#### [WHAT NEEDS TO BE DONE]
Each record below should appear again exactly as written.

#### [PROVIDED RECORDS]
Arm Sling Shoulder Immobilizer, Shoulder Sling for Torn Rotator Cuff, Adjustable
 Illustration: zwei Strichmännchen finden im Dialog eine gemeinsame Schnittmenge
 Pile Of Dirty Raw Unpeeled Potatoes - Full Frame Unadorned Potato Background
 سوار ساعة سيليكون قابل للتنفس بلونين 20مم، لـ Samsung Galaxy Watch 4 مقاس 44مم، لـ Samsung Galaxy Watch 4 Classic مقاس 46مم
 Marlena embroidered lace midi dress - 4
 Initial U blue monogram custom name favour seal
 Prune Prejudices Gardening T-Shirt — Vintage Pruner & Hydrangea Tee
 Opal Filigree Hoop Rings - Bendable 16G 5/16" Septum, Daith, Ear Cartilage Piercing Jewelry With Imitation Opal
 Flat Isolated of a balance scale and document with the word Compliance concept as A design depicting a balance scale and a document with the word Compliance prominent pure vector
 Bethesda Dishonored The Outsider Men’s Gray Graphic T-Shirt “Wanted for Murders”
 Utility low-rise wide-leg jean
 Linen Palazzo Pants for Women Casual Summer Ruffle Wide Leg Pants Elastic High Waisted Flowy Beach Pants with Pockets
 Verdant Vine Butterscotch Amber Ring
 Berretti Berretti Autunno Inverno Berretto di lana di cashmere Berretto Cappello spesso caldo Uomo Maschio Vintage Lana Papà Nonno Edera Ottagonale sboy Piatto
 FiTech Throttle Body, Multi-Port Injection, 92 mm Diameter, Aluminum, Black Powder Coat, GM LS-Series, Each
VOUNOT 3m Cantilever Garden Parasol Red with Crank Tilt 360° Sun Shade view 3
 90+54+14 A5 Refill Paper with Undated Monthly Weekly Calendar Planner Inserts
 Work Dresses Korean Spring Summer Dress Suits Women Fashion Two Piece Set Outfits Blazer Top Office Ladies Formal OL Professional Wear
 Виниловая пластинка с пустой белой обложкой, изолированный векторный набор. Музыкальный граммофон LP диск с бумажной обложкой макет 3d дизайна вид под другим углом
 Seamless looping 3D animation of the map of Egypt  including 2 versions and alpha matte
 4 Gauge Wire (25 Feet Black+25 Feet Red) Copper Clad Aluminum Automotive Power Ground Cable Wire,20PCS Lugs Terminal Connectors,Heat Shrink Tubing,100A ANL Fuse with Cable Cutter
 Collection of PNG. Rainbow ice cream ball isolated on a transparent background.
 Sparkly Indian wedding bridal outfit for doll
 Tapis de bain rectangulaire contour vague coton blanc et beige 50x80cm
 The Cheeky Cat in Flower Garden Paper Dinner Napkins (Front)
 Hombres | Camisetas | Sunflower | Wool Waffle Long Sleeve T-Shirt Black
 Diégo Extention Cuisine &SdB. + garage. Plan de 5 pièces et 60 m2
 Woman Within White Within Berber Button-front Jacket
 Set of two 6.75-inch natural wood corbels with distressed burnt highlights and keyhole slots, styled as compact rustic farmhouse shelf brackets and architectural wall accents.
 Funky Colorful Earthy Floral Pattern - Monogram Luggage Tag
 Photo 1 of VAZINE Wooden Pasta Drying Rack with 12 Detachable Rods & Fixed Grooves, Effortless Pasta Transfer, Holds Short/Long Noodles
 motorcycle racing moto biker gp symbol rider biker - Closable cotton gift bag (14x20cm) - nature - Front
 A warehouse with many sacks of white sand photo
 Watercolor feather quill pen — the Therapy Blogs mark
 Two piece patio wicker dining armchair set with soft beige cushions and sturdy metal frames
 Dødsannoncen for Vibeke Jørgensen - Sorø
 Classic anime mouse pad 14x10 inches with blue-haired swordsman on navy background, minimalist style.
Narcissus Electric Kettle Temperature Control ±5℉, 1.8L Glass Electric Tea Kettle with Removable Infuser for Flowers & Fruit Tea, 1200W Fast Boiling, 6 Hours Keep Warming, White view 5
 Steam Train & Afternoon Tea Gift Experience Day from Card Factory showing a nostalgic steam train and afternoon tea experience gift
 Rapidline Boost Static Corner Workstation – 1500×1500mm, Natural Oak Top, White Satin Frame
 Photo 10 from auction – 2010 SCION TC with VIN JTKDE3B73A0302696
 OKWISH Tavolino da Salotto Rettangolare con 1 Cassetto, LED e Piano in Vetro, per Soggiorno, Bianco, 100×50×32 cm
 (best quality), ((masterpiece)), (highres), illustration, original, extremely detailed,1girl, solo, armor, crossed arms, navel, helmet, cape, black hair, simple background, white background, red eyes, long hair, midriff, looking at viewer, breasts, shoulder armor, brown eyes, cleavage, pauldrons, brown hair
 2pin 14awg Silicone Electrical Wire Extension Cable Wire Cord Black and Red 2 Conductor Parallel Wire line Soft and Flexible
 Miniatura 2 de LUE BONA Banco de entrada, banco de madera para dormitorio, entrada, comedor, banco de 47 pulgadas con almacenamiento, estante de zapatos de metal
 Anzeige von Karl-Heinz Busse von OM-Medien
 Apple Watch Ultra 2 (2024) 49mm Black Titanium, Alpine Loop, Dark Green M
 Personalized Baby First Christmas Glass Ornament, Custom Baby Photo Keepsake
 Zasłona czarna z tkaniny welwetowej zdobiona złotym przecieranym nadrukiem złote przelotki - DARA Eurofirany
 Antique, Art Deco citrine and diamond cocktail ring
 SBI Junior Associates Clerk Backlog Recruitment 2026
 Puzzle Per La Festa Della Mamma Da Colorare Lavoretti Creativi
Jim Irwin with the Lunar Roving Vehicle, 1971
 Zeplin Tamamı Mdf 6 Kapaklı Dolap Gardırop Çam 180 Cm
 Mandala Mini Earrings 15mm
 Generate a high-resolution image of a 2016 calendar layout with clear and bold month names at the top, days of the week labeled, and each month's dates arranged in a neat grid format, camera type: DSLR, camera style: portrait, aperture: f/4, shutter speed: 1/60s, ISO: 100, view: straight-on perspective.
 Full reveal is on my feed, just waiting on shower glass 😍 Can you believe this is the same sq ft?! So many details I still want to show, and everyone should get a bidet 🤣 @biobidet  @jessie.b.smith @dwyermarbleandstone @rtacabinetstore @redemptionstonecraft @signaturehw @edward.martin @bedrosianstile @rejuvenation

#### [RESPONSE BELOW]
Arm Sling Shoulder Immobilizer, Shoulder Sling for Torn Rotator Cuff, Adjustable
 Illustration: zwei Strichmännchen finden im Dialog eine gemeinsame Schnittmenge
 Pile Of Dirty Raw Unpeeled Potatoes - Full Frame Unadorned Potato Background
 سوار ساعة سيليكون قابل للتنفس بلونين 20مم، لـ Samsung Galaxy Watch 4 مقاس 44مم، لـ Samsung Galaxy Watch 4 Classic مقاس 46مم
 Marlena embroidered lace midi dress - 4
 Initial U blue monogram custom name favour seal
 Prune Prejudices Gardening T-Shirt — Vintage Pruner & Hydrangea Tee
 Opal Filigree Hoop Rings - Bendable 16G 5/16" Septum, Daith, Ear Cartilage Piercing Jewelry With Imitation Opal
 Flat Isolated of a balance scale and document with the word Compliance concept as A design depicting a balance scale and a document with the word Compliance prominent pure vector
 Bethesda Dishonored The Outsider Men’s Gray Graphic T-Shirt “Wanted for Murders”
 Utility low-rise wide-leg jean
 Linen Palazzo Pants for Women Casual Summer Ruffle Wide Leg Pants Elastic High Waisted Flowy Beach Pants with Pockets
 Verdant Vine Butterscotch Amber Ring
 Berretti Berretti Autunno Inverno Berretto di lana di cashmere Berretto Cappello spesso caldo Uomo Maschio Vintage Lana Papà Nonno Edera Ottagonale sboy Piatto
 FiTech Throttle Body, Multi-Port Injection, 92 mm Diameter, Aluminum, Black Powder Coat, GM LS-Series, Each
VOUNOT 3m Cantilever Garden Parasol Red with Crank Tilt 360° Sun Shade view 3
 90+54+14 A5 Refill Paper with Undated Monthly Weekly Calendar Planner Inserts
 Work Dresses Korean Spring Summer Dress Suits Women Fashion Two Piece Set Outfits Blazer Top Office Ladies Formal OL Professional Wear
 Виниловая пластинка с пустой белой обложкой, изолированный векторный набор. Музыкальный граммофон LP диск с бумажной обложкой макет 3d дизайна вид под другим углом
 Seamless looping 3D animation of the map of Egypt  including 2 versions and alpha matte
 4 Gauge Wire (25 Feet Black+25 Feet Red) Copper Clad Aluminum Automotive Power Ground Cable Wire,20PCS Lugs Terminal Connectors,Heat Shrink Tubing,100A ANL Fuse with Cable Cutter
 Collection of PNG. Rainbow ice cream ball isolated on a transparent background.
 Sparkly Indian wedding bridal outfit for doll
 Tapis de bain rectangulaire contour vague coton blanc et beige 50x80cm
 The Cheeky Cat in Flower Garden Paper Dinner Napkins (Front)
 Hombres | Camisetas | Sunflower | Wool Waffle Long Sleeve T-Shirt Black
 Diégo Extention Cuisine &SdB. + garage. Plan de 5 pièces et 60 m2
 Woman Within White Within Berber Button-front Jacket
 Set of two 6.75-inch natural wood corbels with distressed burnt highlights and keyhole slots, styled as compact rustic farmhouse shelf brackets and architectural wall accents.
 Funky Colorful Earthy Floral Pattern - Monogram Luggage Tag
 Photo 1 of VAZINE Wooden Pasta Drying Rack with 12 Detachable Rods & Fixed Grooves, Effortless Pasta Transfer, Holds Short/Long Noodles
 motorcycle racing moto biker gp symbol rider biker - Closable cotton gift bag (14x20cm) - nature - Front
 A warehouse with many sacks of white sand photo
 Watercolor feather quill pen — the Therapy Blogs mark
 Two piece patio wicker dining armchair set with soft beige cushions and sturdy metal frames
 Dødsannoncen for Vibeke Jørgensen - Sorø
 Classic anime mouse pad 14x10 inches with blue-haired swordsman on navy background, minimalist style.
Narcissus Electric Kettle Temperature Control ±5℉, 1.8L Glass Electric Tea Kettle with Removable Infuser for Flowers & Fruit Tea, 1200W Fast Boiling, 6 Hours Keep Warming, White view 5
 Steam Train & Afternoon Tea Gift Experience Day from Card Factory showing a nostalgic steam train and afternoon tea experience gift
 Rapidline Boost Static Corner Workstation – 1500×1500mm, Natural Oak Top, White Satin Frame
 Photo 10 from auction – 2010 SCION TC with VIN JTKDE3B73A0302696
 OKWISH Tavolino da Salotto Rettangolare con 1 Cassetto, LED e Piano in Vetro, per Soggiorno, Bianco, 100×50×32 cm
 (best quality), ((masterpiece)), (highres), illustration, original, extremely detailed,1girl, solo, armor, crossed arms, navel, helmet, cape, black hair, simple background, white background, red eyes, long hair, midriff, looking at viewer, breasts, shoulder armor, brown eyes, cleavage, pauldrons, brown hair
 2pin 14awg Silicone Electrical Wire Extension Cable Wire Cord Black and Red 2 Conductor Parallel Wire line Soft and Flexible
 Miniatura 2 de LUE BONA Banco de entrada, banco de madera para dormitorio, entrada, comedor, banco de 47 pulgadas con almacenamiento, estante de zapatos de metal
 Anzeige von Karl-Heinz Busse von OM-Medien
 Apple Watch Ultra 2 (2024) 49mm Black Titanium, Alpine Loop, Dark Green M
 Personalized Baby First Christmas Glass Ornament, Custom Baby Photo Keepsake
 Zasłona czarna z tkaniny welwetowej zdobiona złotym przecieranym nadrukiem złote przelotki - DARA Eurofirany
 Antique, Art Deco citrine and diamond cocktail ring
 SBI Junior Associates Clerk Backlog Recruitment 2026
 Puzzle Per La Festa Della Mamma Da Colorare Lavoretti Creativi
Jim Irwin with the Lunar Roving Vehicle, 1971
 Zeplin Tamamı Mdf 6 Kapaklı Dolap Gardırop Çam 180 Cm
 Mandala Mini Earrings 15mm
 Generate a high-resolution image of a 2016 calendar layout with clear and bold month names at the top, days of the week labeled, and each month's dates arranged in a neat grid format, camera type: DSLR, camera style: portrait, aperture: f/4, shutter speed: 1/60s, ISO: 100, view: straight-on perspective.
 Full reveal is on my feed, just waiting on shower glass 😍 Can you believe this is the same sq ft?! So many details I still want to show, and everyone should get a bidet 🤣 @biobidet  @jessie.b.smith @dwyermarbleandstone @rtacabinetstore @redemptionstonecraft @signaturehw @edward.martin @bedrosianstile @rejuvenation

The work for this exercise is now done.